— Dataset section —
--- START ---

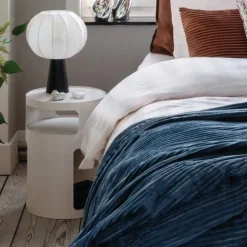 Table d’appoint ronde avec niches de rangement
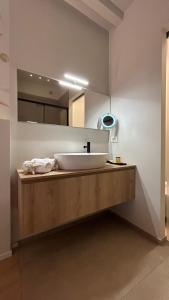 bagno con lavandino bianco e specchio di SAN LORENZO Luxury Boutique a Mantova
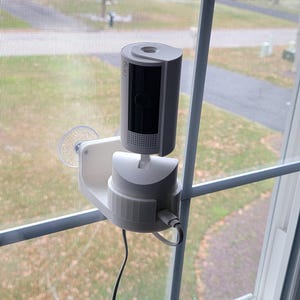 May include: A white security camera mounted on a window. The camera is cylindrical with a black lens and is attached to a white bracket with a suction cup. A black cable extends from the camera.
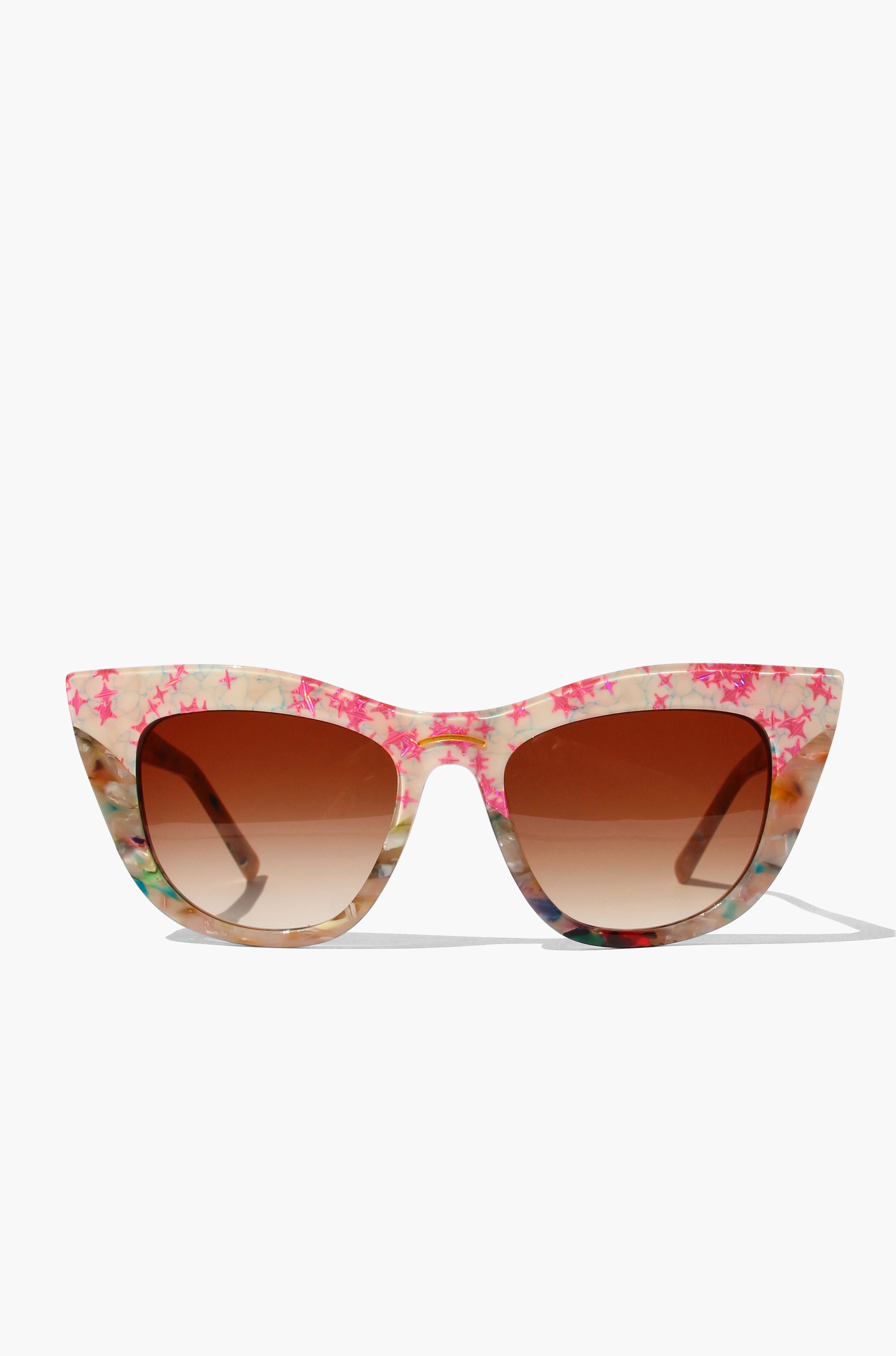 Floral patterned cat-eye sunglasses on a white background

--- END ---

— What is needed —
Set the pictures aside and reproduce the data above exactly.

— Response box —
 Table d’appoint ronde avec niches de rangement
 bagno con lavandino bianco e specchio di SAN LORENZO Luxury Boutique a Mantova
 May include: A white security camera mounted on a window. The camera is cylindrical with a black lens and is attached to a white bracket with a suction cup. A black cable extends from the camera.
 Floral patterned cat-eye sunglasses on a white background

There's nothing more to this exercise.